ASSA ABLOY’s $4.3B Spectrum Acquisition Faces DOJ Antitrust Lawsuit

ASSA ABLOY’s proposed $4.3 billion acquisition of the Hardware and Home Improvement division of Spectrum Brands is facing a civil antitrust lawsuit from the U.S. Department of Justice (DOJ), which is hoping to block the transaction.

ASSA ABLOY originally announced the acquisition, which is specifically for Spectrum’s Hardware and Home Improvement division, in September 2021. The division includes the Baldwin, Kwikset, National Hardware, Pfister, and Weiser brands.

The DOJ says if the acquisition were allowed to take place, ASSA ABLOY would have a near-monopoly in premium mechanical door hardware and more than a 50% share in smart locks, leaving only one significant competitor. In addition, a the combined entity would control approximately 50% of the overall residential door hardware market.

The $2.4 billion residential door hardware industry is a heavily concentrated one, and ASSA ABLOY and Spectrum are two of the three largest producers.

Filed in the U.S. District Court for the District of Columbia, the DOJ’s complaint alleges that the proposed merger would eliminate essential head-to-head competition between the two companies. This would likely result in higher prices, lower quality, reduced innovation, and poorer service in the realms of premium mechanical door hardware and smart locks, if not in other residential door hardware as well.

“Millions of Americans rely on these companies’ door hardware products every day to meet their most basic privacy and security needs,” says Jonathan Kanter, Assistant Attorney General of the Justice Department’s Antitrust Division. “Competition between these two companies, which are two of the three largest companies in an already concentrated industry, has benefitted American consumers in the form of lower prices and better quality. That important competition would be extinguished if this merger were allowed to proceed to the detriment of Americans.”

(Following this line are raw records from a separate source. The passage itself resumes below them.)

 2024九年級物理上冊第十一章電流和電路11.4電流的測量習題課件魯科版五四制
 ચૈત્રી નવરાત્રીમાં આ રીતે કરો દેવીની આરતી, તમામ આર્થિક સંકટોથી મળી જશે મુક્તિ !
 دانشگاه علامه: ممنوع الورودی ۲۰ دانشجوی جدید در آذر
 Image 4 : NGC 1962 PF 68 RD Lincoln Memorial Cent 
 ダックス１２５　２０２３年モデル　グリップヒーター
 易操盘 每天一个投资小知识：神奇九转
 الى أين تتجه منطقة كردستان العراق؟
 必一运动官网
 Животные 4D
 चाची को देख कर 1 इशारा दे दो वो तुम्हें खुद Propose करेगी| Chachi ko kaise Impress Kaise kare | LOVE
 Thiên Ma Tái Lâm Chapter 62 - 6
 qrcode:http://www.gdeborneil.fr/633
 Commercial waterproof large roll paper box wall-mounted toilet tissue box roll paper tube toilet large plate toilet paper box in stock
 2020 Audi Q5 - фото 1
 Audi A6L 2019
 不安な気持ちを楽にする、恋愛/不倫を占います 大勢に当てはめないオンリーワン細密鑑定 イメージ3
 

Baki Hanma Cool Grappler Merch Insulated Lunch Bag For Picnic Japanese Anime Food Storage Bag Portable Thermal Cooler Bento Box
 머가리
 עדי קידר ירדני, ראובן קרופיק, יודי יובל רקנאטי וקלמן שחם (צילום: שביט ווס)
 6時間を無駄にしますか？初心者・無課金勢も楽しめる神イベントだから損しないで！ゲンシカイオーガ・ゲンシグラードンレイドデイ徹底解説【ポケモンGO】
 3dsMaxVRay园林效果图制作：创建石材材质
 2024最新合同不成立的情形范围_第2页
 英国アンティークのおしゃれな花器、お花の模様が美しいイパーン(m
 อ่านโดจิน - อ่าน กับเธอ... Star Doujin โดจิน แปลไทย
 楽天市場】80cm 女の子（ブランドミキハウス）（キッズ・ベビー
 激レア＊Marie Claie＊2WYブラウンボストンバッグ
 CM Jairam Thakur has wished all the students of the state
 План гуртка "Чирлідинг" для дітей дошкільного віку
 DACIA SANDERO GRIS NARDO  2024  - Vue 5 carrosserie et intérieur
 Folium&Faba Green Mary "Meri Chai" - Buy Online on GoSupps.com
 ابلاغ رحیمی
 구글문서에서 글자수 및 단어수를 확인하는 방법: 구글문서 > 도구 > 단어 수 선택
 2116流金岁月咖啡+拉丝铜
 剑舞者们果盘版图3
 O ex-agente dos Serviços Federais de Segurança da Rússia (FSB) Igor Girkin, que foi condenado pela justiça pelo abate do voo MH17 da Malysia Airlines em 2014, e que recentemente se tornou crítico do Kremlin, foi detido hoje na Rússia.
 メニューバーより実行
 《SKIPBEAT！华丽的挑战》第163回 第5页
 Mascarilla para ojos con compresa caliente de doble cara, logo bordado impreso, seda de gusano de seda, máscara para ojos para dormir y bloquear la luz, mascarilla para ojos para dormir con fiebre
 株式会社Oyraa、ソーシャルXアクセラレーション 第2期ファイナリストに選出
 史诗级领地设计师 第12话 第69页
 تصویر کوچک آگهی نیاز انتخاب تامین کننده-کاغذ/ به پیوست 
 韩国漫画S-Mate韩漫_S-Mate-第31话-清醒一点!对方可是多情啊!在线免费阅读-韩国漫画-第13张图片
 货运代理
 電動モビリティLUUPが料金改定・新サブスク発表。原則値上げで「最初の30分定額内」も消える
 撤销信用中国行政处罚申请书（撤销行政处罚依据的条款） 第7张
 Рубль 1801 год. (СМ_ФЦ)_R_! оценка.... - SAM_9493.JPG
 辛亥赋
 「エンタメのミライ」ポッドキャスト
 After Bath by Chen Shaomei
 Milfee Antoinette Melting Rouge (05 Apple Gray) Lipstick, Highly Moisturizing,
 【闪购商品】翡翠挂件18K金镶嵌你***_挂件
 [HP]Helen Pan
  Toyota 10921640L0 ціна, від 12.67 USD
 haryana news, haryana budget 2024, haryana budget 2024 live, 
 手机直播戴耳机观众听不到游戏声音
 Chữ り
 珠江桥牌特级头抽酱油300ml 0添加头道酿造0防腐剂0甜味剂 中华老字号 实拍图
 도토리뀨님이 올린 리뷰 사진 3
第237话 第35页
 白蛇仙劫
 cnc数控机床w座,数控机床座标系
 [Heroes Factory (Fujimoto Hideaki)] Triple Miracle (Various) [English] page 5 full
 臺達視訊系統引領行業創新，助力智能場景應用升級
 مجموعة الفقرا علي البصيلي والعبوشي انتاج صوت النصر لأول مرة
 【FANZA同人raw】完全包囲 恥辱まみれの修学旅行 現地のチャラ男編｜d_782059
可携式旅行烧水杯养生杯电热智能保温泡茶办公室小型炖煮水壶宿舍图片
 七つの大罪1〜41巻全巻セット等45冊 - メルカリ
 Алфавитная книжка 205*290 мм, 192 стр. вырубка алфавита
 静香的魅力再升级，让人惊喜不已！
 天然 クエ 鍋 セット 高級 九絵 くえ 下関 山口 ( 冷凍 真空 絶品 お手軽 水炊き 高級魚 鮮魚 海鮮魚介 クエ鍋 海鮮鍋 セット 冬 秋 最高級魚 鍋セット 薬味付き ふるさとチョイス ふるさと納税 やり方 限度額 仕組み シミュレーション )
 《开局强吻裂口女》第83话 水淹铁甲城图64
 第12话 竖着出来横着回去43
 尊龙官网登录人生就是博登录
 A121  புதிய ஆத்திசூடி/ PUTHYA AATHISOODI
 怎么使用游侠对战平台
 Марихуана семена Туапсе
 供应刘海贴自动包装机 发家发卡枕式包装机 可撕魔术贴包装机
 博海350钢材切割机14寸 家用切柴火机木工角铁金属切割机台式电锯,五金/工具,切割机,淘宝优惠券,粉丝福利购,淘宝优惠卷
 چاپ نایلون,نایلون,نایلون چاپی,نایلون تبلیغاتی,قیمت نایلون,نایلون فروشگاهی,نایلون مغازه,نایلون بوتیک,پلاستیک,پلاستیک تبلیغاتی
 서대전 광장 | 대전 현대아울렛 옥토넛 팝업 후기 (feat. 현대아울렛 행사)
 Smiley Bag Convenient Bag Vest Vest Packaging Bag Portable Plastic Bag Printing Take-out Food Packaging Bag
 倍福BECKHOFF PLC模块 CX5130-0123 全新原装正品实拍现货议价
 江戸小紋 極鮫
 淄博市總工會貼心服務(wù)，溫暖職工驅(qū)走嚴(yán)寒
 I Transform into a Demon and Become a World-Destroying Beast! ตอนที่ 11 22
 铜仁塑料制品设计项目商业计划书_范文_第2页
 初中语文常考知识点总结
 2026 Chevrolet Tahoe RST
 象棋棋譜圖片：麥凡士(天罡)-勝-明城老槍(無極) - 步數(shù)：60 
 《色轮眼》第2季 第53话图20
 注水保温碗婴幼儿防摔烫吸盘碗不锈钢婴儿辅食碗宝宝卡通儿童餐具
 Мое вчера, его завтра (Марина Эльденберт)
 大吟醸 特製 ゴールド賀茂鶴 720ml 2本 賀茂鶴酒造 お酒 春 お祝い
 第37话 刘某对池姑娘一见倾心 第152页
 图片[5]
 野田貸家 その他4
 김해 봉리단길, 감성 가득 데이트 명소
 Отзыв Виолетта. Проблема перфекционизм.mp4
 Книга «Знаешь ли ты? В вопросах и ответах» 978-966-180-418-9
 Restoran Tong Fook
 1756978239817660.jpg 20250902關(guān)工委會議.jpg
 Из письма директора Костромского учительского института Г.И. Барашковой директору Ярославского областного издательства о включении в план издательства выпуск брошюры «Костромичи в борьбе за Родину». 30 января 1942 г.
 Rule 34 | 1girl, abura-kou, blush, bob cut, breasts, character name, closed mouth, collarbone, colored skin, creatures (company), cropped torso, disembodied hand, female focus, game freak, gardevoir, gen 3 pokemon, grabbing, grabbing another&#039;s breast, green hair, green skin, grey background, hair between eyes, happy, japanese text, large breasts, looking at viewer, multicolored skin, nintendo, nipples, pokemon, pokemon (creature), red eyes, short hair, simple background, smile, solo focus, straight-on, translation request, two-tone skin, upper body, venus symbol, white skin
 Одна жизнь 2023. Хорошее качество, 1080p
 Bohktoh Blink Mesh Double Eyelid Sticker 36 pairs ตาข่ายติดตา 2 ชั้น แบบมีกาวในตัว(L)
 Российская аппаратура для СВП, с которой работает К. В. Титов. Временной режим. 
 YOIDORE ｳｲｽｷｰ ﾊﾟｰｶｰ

Spectrum Brands CEO David Maura released a statement in response to the complaint, saying, “Despite disagreeing strongly with the DOJ’s purported concerns, in the spirit of compromise — and to speed delivery of the concrete benefits this transaction offers all stakeholders — Spectrum Brands and ASSA ABLOY made numerous proposals to address the DOJ’s concerns, each of which were rejected without a valid basis. Their choice to pursue litigation places political ideology above the interests of American consumers and workers. We are confident that the Court will agree with us and will allow us to close the transaction.”

The deal was originally expected to close by the end of the year, but the companies have agreed to extend their agreement to June 30, 2023 in the hope that they can prevail in court in the end.